Please, Make More Mistakes

The Art of Getting Lost to Find Yourself

If I had a penny for every time I went against sound advice, I’d have enough to defy even more advice, quit my job(s), and live on a remote island somewhere in the Pacific.

In my twenties, particularly my early twenties, life felt hollow and heavy all at once. I was desperate for a life that didn’t look like the one I was living. And with that desperation came an F-it attitude that both frightened and freed me. When you feel like you have nothing to lost, you take risks. What’s the worst that could happen? I’d ask myself. And before my mind could conjure up an answer, I’d get up and find a distraction.

My life looked like a mess of short-sighted decisions. I went all-in on a degree that made people roll their eyes and predict a jobless future for me. For three years, I was asked “but what will you actually do once you graduate.” I didn’t have an answer. I jumped into jobs that felt random at best, and reckless in reality. From writing articles engineered never to be read, to curating Arabic playlists in dialects I couldn’t understand, my choices raised eyebrows everywhere I went.

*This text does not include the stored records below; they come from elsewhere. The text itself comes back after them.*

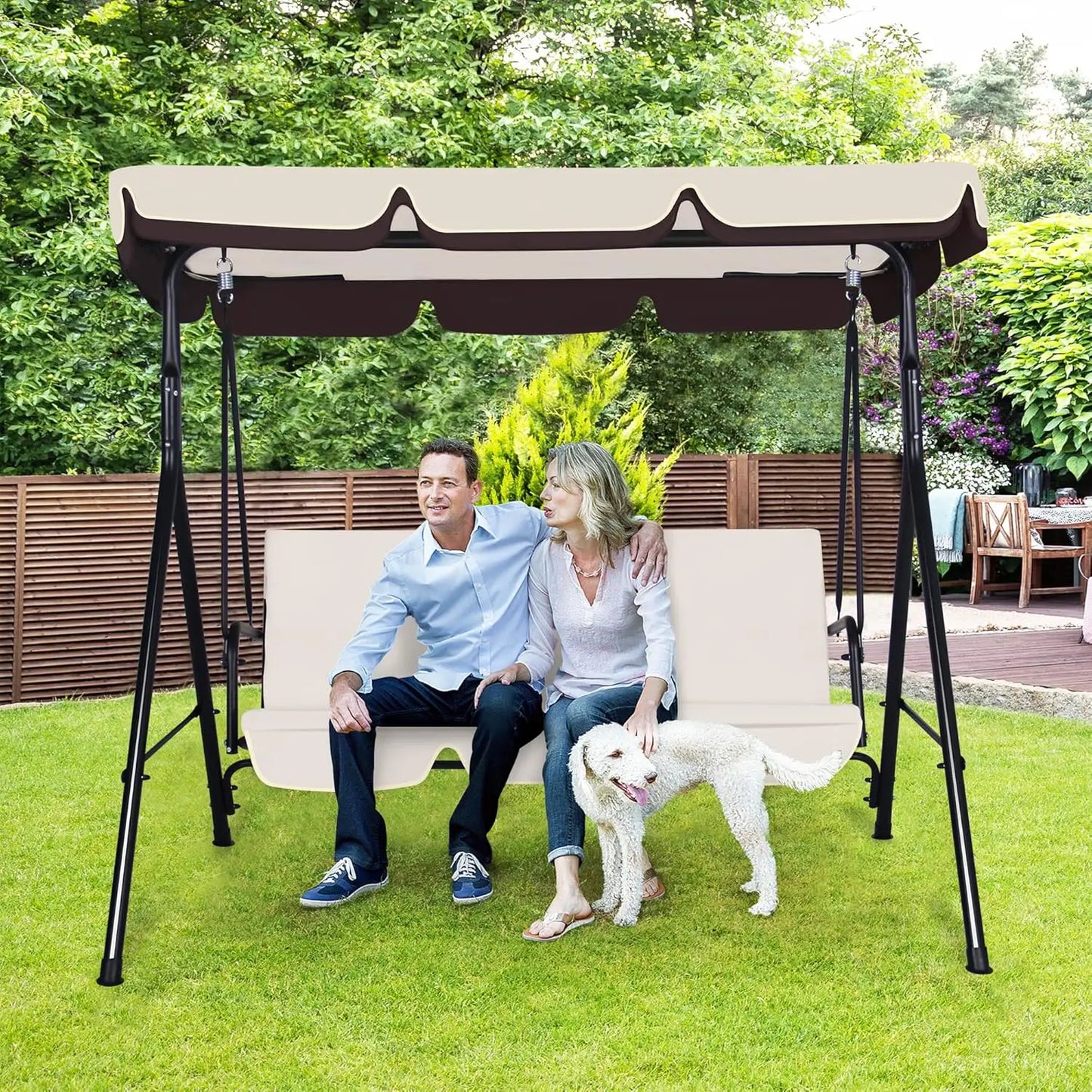 3-Seat Patio Swing Chair, Outdoor Porch Swing with Adjustable Canopy and Durable Steel Frame for Patio, Garden, Poolside(Nevy Bl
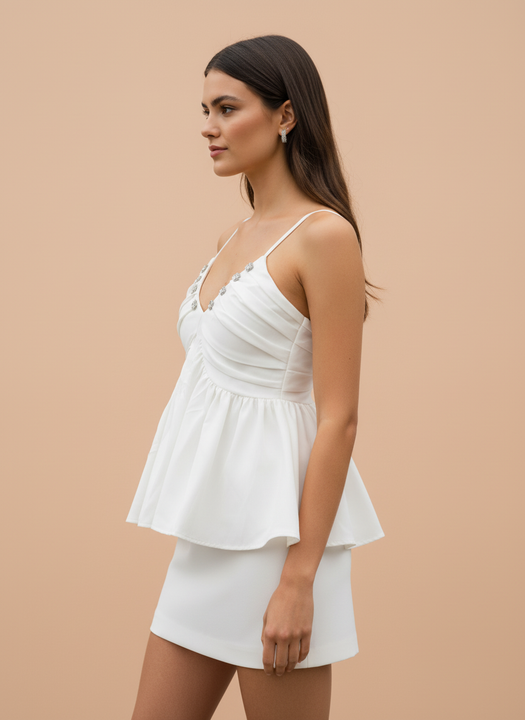 White Peplum Camisole Top with Rhinestone Embellished Neckline
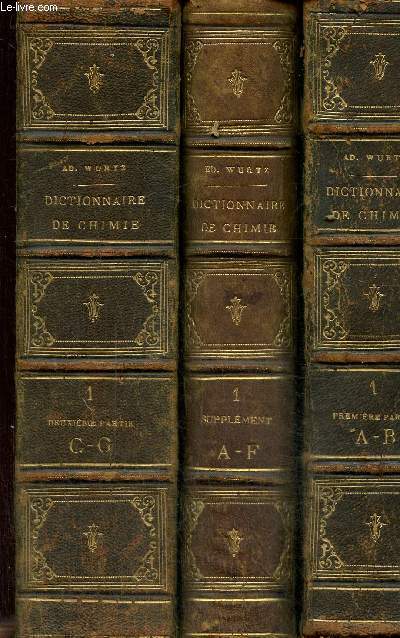 Dictionnaire de Chimie pure et applique. Comprenant , la chimie organique et inorganique. La chimie applique  l industrie,  l agriculture et aux arts. La chimie analytique, la chimie physique et la minralogie en 6 volumes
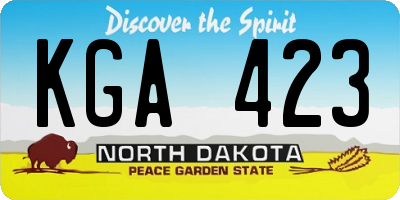 ND license plate KGA423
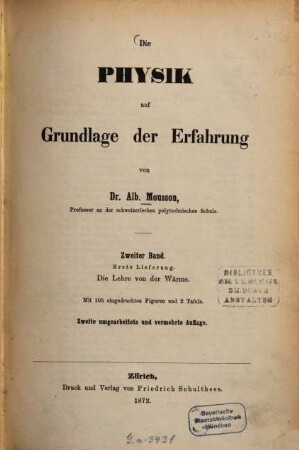 Die Physik auf Grundlage der Erfahrung, 2,1. Die Lehre von der Wärme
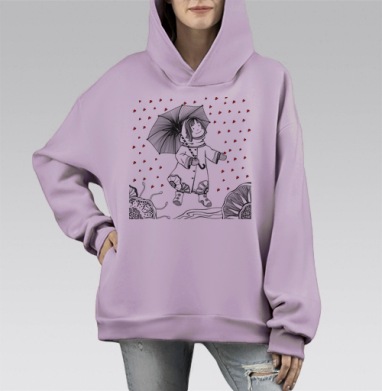 Детская игра с зонтом в дождь из сердец, Hoodie Mono Fiolet, оверсайз, утепленная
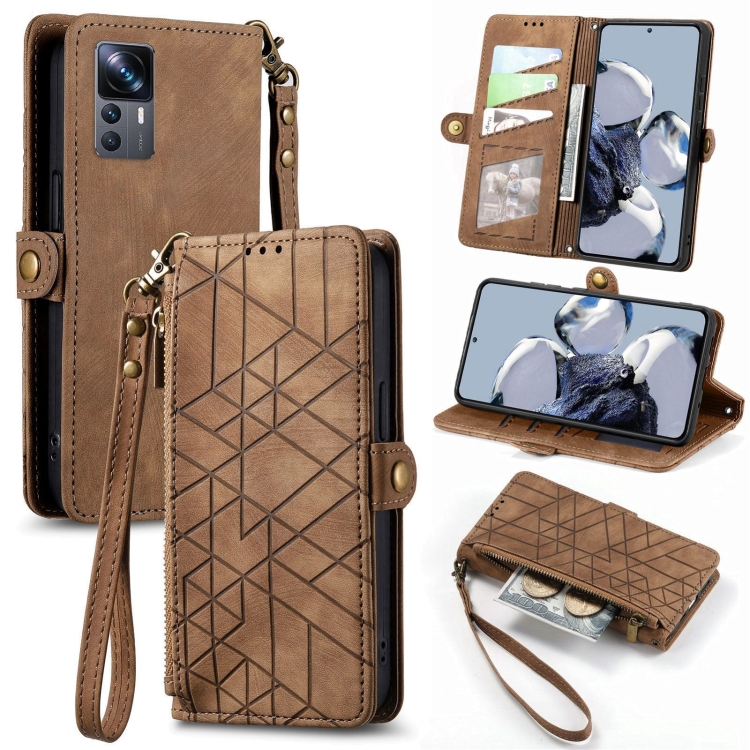 For Xiaomi 12T / 12T Pro Geometric Zipper Wallet Side Buckle Leather Phone Case(Brown)
For Xiaomi 12T / 12T Pro Geometric Zipper Wallet Side Buckle Leather Phone Case(Brown)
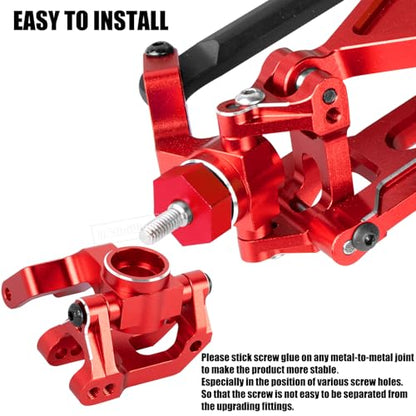 RC Alloy Aluminium Caster Block C Hub & Steering Blocks & Rear Stub Axle Carriers Upgrades Part for 1/10 GORGON 2WD RTR BRUSHED MONSTER TRUCK(ARA3230T1),Red - color: Red(1set)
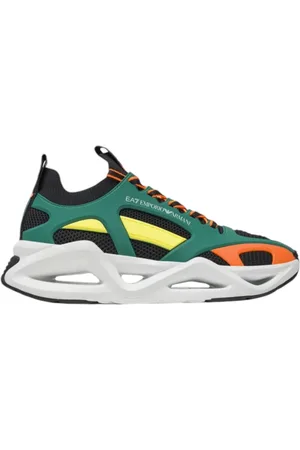 EA7 Sko, Herre, Sort, 40 EU, Polyester, Sort Multicolor Mesh Sneaker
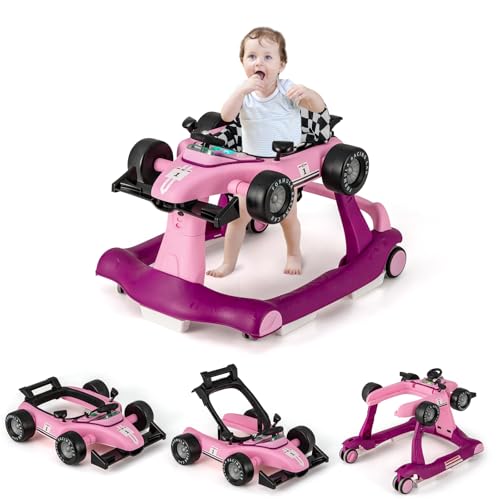 GOPLUS 4 en 1 Trotteur Bébé Garçon Fille, Trotteur Bebe Marche Pliable avec 3 Hauteur Réglable, Vitesse Réglable Coussin Amovible, Musique et Lumière,...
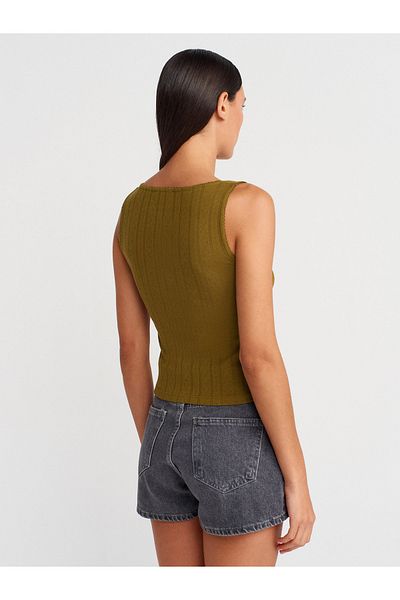 Dilvin 21069 Buttoned Square Collar Top-K.Oil Green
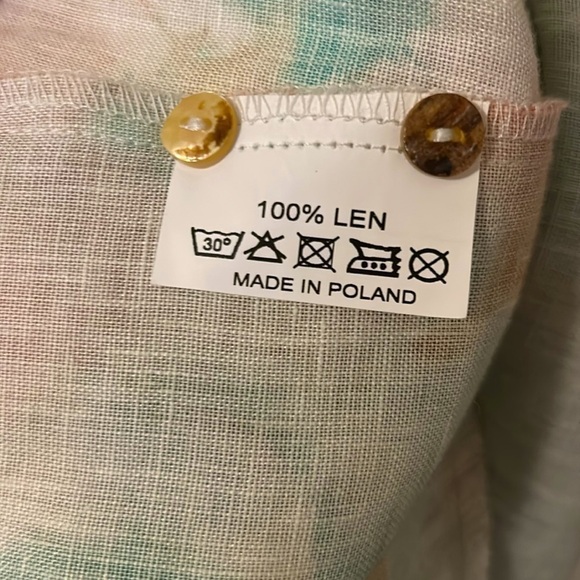 I Linen 100% Linen Top 3/4 Sleeve White and Multicolor Button Shirt Size S - Picture 4 of 5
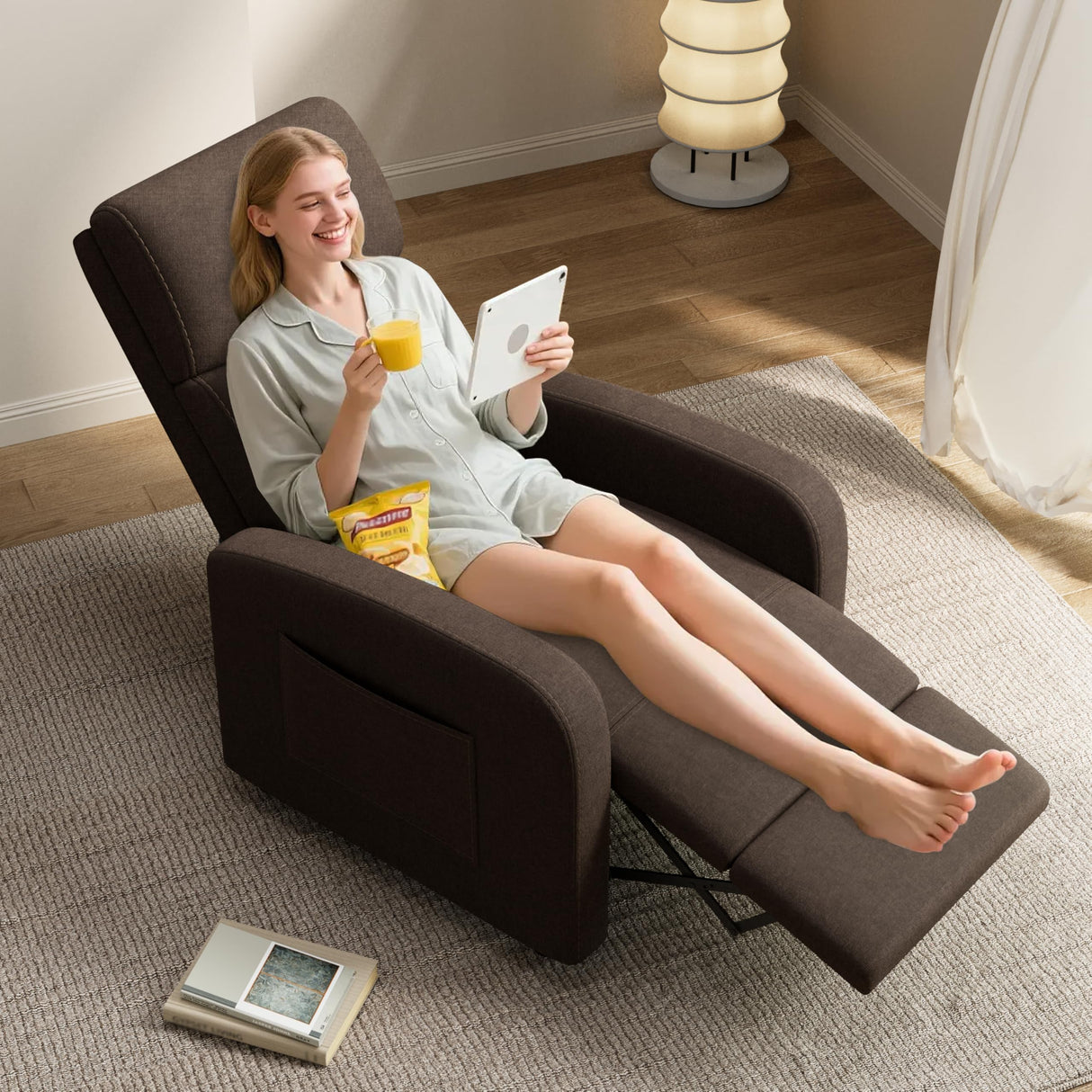 GarveeHome Linen Fabric Manual Recliner Chair, with Side Pocket, High Backrest, Thick Cushion, Adjustable Push Back Recliner, Lazy Lounge Chair for Living Room, Home Theater, Bedroom, Brown GarveeHome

I even bet on a relationship with a man whose world was light-years away from mine—a world of customs and values that clashed with my own in every way. My closest friends called me an idiot, warning that I was setting myself up for heartbreak. But to me, his unfamiliarity drew me in and made me feel alive. On the outside, I might’ve looked reckless, even stubborn. But the truth is, those decisions were my lifelines. That so-called “chaos” was my survival.

Our society’s obsession with what people say and think about us can often make us stand in the way of our own integral life experiences. The version of myself I was supposed to be—the one that wouldn’t make people talk— felt suffocating. And the truth is, even if you spend your whole life living by the rule book, they’ll still talk.

The only way I knew to feel alive was to take risks and make as many mistakes as I could—meaningful, scary, sometimes illogical ones. Choices that would have people talking. But I learned to say yes to things that frightened me, to throw myself into the unknown, and trust that if I jumped, something would catch me. Sometimes I crashed and burned, but every now and then, I soared. And those leaps became the biggest blessings of my life.

But now, at the edge of thirty, I’ll admit: that old courage feels distant, even buried. A part of me craves that raw, reckless courage I once had, the part of me that was willing to lose everything to find myself. I know Twenty-Three-Year-Old Me is still in there somewhere, pushing me to face down my fears and just take the leap. She’s whispering, If it doesn’t work out, at least we can say we tried. We can say we lived.

Because sometimes getting lost is the only way to find out where we truly belong.